● **Provided records**:
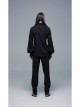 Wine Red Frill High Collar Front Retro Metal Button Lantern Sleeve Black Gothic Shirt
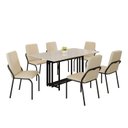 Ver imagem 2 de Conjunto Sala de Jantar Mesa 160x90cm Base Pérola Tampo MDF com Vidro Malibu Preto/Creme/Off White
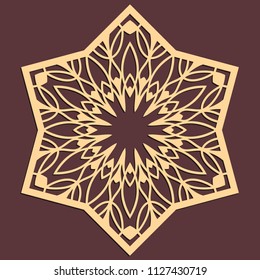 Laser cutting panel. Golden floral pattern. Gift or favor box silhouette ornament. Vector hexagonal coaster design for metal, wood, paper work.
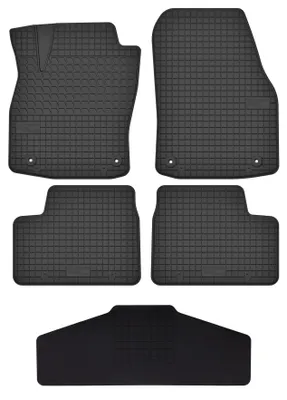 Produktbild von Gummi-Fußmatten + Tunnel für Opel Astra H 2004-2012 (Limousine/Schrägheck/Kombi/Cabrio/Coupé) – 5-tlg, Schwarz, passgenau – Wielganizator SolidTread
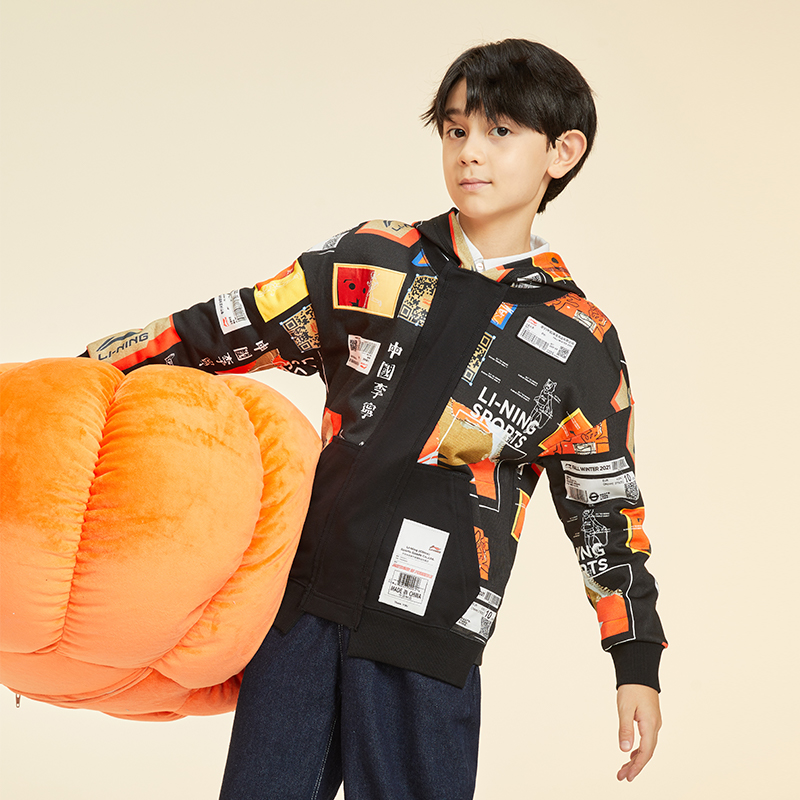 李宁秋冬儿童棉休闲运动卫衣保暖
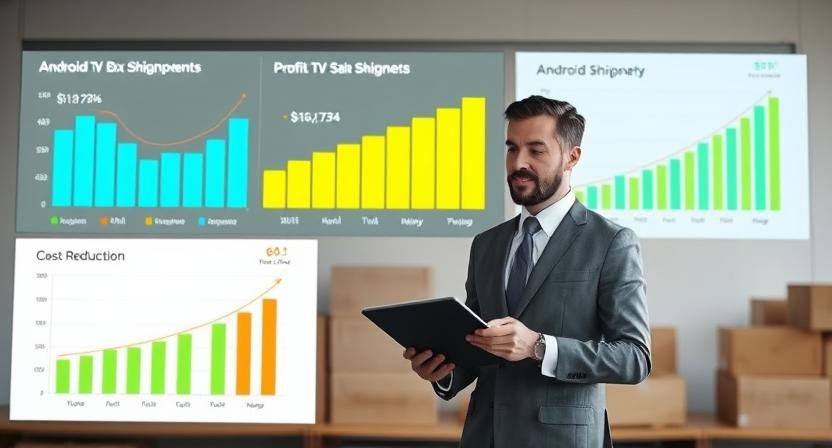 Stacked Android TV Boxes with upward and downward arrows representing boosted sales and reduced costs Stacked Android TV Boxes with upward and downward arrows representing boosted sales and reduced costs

● **Exercise directions**:
The entries must be written out again unchanged. Images are to be left out.

● **Your solution**:
 Wine Red Frill High Collar Front Retro Metal Button Lantern Sleeve Black Gothic Shirt
 Ver imagem 2 de Conjunto Sala de Jantar Mesa 160x90cm Base Pérola Tampo MDF com Vidro Malibu Preto/Creme/Off White
 Laser cutting panel. Golden floral pattern. Gift or favor box silhouette ornament. Vector hexagonal coaster design for metal, wood, paper work.
 Produktbild von Gummi-Fußmatten + Tunnel für Opel Astra H 2004-2012 (Limousine/Schrägheck/Kombi/Cabrio/Coupé) – 5-tlg, Schwarz, passgenau – Wielganizator SolidTread
 李宁秋冬儿童棉休闲运动卫衣保暖
 Stacked Android TV Boxes with upward and downward arrows representing boosted sales and reduced costs Stacked Android TV Boxes with upward and downward arrows representing boosted sales and reduced costs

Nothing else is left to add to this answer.